INSTRUCTIONS FOR THE TASK:
Copy each line below as written, but skip the pictures.

DATASET CONTENT:

=== Begin Enclosure ===

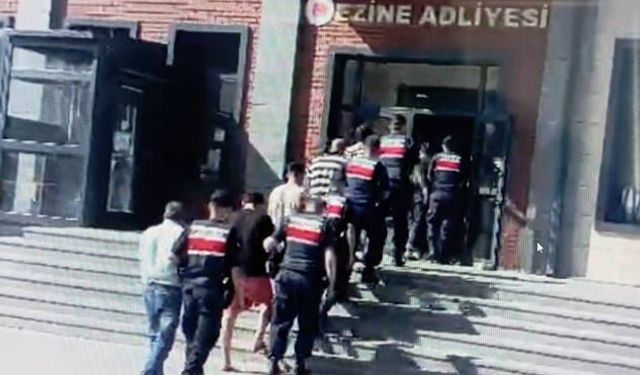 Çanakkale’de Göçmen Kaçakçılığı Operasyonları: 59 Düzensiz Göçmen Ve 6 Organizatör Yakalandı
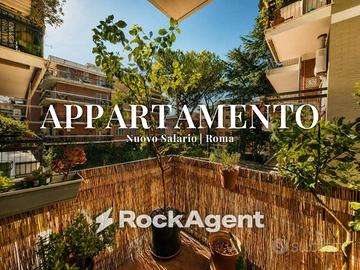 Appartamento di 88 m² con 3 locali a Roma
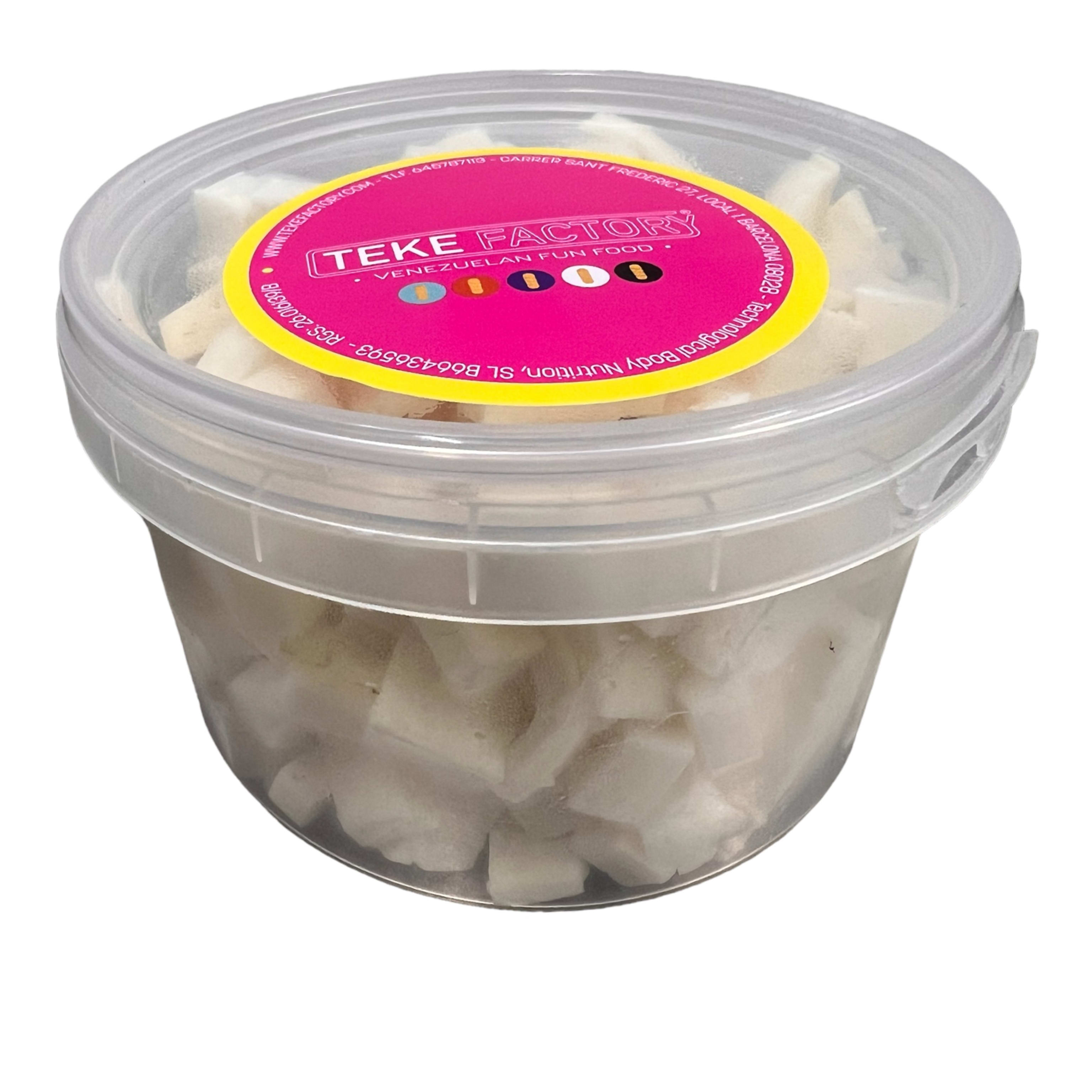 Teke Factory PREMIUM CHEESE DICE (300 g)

=== End Enclosure ===

ANSWER SPACE:
 Çanakkale’de Göçmen Kaçakçılığı Operasyonları: 59 Düzensiz Göçmen Ve 6 Organizatör Yakalandı
 Appartamento di 88 m² con 3 locali a Roma
 Teke Factory PREMIUM CHEESE DICE (300 g)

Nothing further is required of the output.